France is simply a country you can’t help falling in love with. It has a beautiful landscape all over what is Europe’s largest national land area and over three quarters of it is arable/pastoral land or forests.
Besides, more than half its borderline neighbors seas, providing the Western European country also with ample seafood stocks. It is where the world’s indisputably finest wine complements all the fresh products the nature blesses the French with.
Thousands of miles away, we — Americans — have always been proud of our alliance with France ever since the War of Independence over two centuries ago. The same definitely goes for the French vis-à-vis the U.S. And today, an estimated number of 10 million French-Americans are a strong component of the unshakeable bond between the two nations.
Naturally, this much of goodwill and mutual admiration have also impacted the food scene on both sides of the Atlantic. While in Paris, people have an easy access to a multitude of brilliant American bars & restaurants, D.C. folks have thankfully the chance to enjoy all of the world-famous French specialties from the hands of true chefs.
Name anything from the glamorous French cuisine — Ratatouille, Coq au Vin, Confit de Canard, and Boeuf Bourguignon or Soufflé au Chocolat, etc. — and you can have it right here in the District almost as good as anywhere in Paris. The following list of restaurants will tell you where exactly to go in town to do that:
Within walking distance from the Eastern Market at 327 7th Street SE is where the cost of that much of comfort is at its lowest. Montmartre, named after the most famous Parisian neighborhood that is home to the majestic Sacré-Coeur basilica, is a French bistro with modern flair and a light, open dining room.
For under $30 per person, you can order any French signature specialty such as a giant bowl of seafood stew — mussels, clams, shrimp and monkfish, as well as various vegetables — or a Cassoulet of delightful beans, duck and bacon.
On Tuesday and Sunday nights, they also offer all bottles of wine at half the price. That, sure, will guarantee a memorable dinner!
The next place on our list is slightly more expensive than Montmartre, but offers a more exquisite dinner at 320 Massachusetts Avenue NE: Bistro Cacao.
Successfully operating two other restaurants in Adams Morgan and Dupont Circle, the Turkish-American Bolukbasi brothers quickly saw the need for an Old European addition to the food scene just northeast of the The National Mall.
And what they built with the invaluable help of the Turkish-French chef Kemal Deger promises today an exceptional dining experience.
Its concept of bistro-style French cuisine in a romantically charming and comfortable setting that blends the old France with modern, creative touches has proved a brilliant idea. And the restaurant soon became a major destination for even the most fastidious patrons.
Here, you can have a nice Filet Mignon steak with asparagus, potato gratin and black pepper sauce for $32. Vegetarians and others alike could also opt for an invigorating Ratatouille for $24. Keep in mind that the place has a fine bar for those who rather desire quicker bites for less.
Chez Billy Sud
Another top-notch French spot that D.C. foodies should certainly know about is Chez Billy Sud.

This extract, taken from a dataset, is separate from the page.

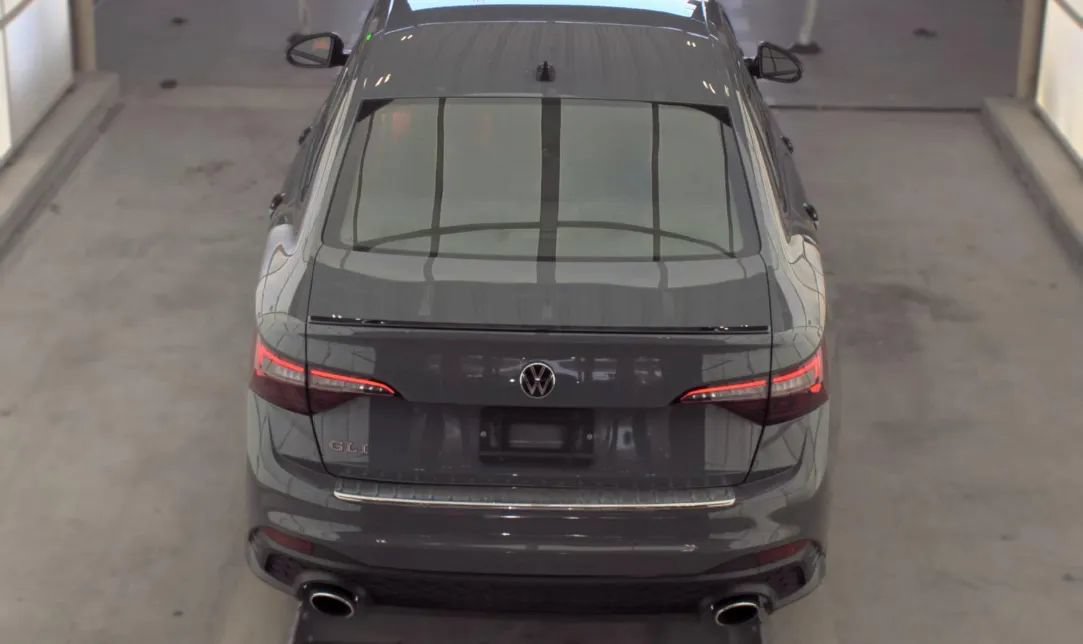 Used 2024 Volkswagen Jetta GLI 40th Anniversary Edition FWD image 5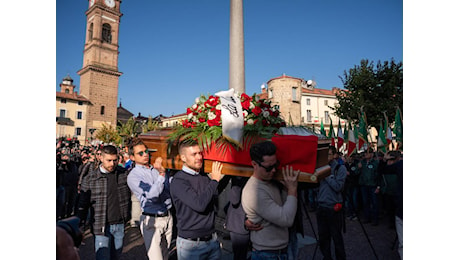 L'ultimo commosso saluto a Matilde Lorenzi. Il lungo abbraccio della famiglia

Being just a stone’s throw away from the mesmerizing waterfront park in Georgetown, this one has a clear location advantage over the others on this list.
Just imagine having a great French dinner here with your partner and then going on a walk, hand in hand, in the park along the Washington Harbor. Oh I know it sounds just perfect and that’s exactly why we have previously listed it as one of the D.C. restaurants where first dates cannot go wrong.

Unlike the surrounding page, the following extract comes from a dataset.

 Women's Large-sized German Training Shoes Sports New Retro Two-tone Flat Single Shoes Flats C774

When you arrive at 1039 31st Street NW, a nice-looking old Georgetown brick house greets you into the bright and elegant decor inside.
Starting right from your first step through the door, you will feel like being teleported to one of the coziest restaurants in a Parisian backstreet. The food, service and the general ambiance here will take your mind off everything else and pave the way for an immaculate dining.
Get a Confit de Canard for $27 or a Loup de Mer for $30. Their craft cocktails, more or less $15 each, will make sure you enjoy every bite regardless of your choice for the main course.
And when the weather is right for it, don’t forget to step outside at its wonderful patio. No food can give a higher pleasure than the one you eat there in the open-air, you will discover.
Of course, though, no list on D.C.’s French restaurants can be complete without Le Diplomate, a tremendously popular upscale spot at 1601 14th Street NW near Logan Circle.
Inside a historic structure that features the artistic spirit of a Parisian brasserie and pays subtle tribute to tradition, Le Diplomate is where, what its owners say, every meal arrives on your table with “a sweeping sense of European drama.” It doesn’t promise anything less than an unforgettable dinner.
Its unbelievably long menu has a variety of Gallic classics, including Soupe à L’oignon Gratinée and Les Escargots de Bourgogne, as well as daily plates such as Bouillabaisse and Cassoulet.
An equally extensive wine list, together with a specialty cocktail program, completes the mind-blowing experience. So much so the fact that it will cost your wallet a three-digit amount won’t be a reason to regret your visit. And whoever you have brought with you here will have difficulty returning the favor anywhere else.